题目:A 2-step kernel method for smoothing spatial point processes
主讲人:虞克明
讲座时间:2026年7月12日(周日) 11:00-12:00
地点:综合楼644会议室
报告人简介:虞克明,英国伦敦布鲁内尔大学统计学与数据科学讲习教授(Chair Professor)、数学学科研究影响中心主任;英国皇家统计学会会士、英国社科基金(ESRC) 评审专家成员、英国自科基金(EPSRC)评审专家成员、欧洲科学基金(ESF) 评审专家成员。目前是《Journal of the Royal Statistical Society-C》的编委,也担任过《Journal of the American Statistical Association, A&CS》、《Journal of the Royal Statistical Society-A》等多家国际SCI、SSCI期刊的编委。他连续入选2021、2022、2023及2025年斯坦福大学/爱思唯尔单年引用影响力排名全球前2%科学家名单。2024年,他被ScholarGPS评为高排名学者。
2026年,他在Research.com评选的全球顶尖数学家排名中位列英国第196位、全球第3054位。虞教授是国际公认的贝叶斯分位数回归先驱,在统计方法论与数据科学领域具有深远影响。先后在《Journal of American Statistical Association》、《Journal of the Royal Statistical Society: Series B》、《Journal of Econometrics》、《Journal of Business & Economic Statistics》、《Bernoulli》等统计学顶级刊物上发表论文150多篇。

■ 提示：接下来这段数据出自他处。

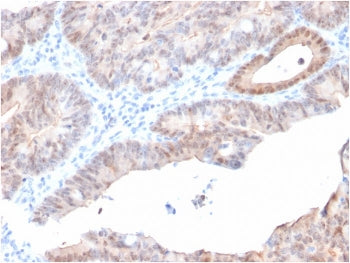 IHC staining of FFPE human prostate carcinoma with AKR1C2 antibody (clone CPTC-AKR1C2-1). HIER: boil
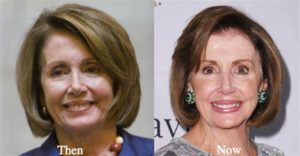 nancy pelosi plastic surgery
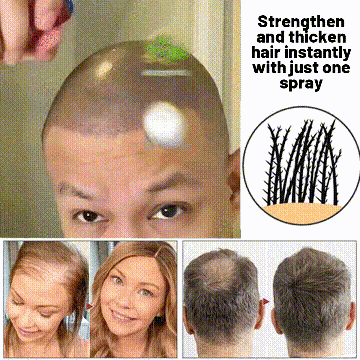 🌿Last day offer – 50% off🌿 HZA™ Hair Growth Spray, pure natural plant extracts without chemical additives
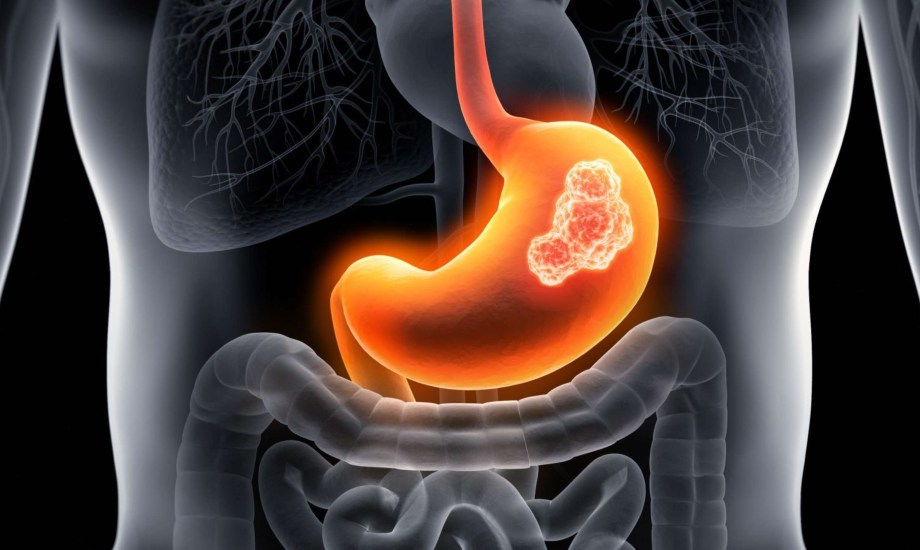 أسباب وأعراض سرطان المعدة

讲座摘要:The intensity function is fundamental to spatial point processes, as it describes how point density varies across space and forms the basis for modelling, inference, and simulation. Kernel smoothing is a widely used non-parametric approach for estimating the intensity function (Diggle 1985), (Baddeley et al. 2022), (Macdonald et al. 2025). However, existing kernel-based estimators may exhibit bias near the boundary and substantial variability. This talk proposes an alternative estimator for the intensity function. The asymptotic bias and variance of the proposed estimator are derived for Poisson processes and are complemented by empirical studies for both Poisson processes and log-Gaussian Cox processes. A rule-of-thumb for the band- width selection is suggested. The results demonstrate that the proposed estimator possesses more desirable mean-integral-squared-error, including reduced variance and improved performance near the boundaries of the observation window.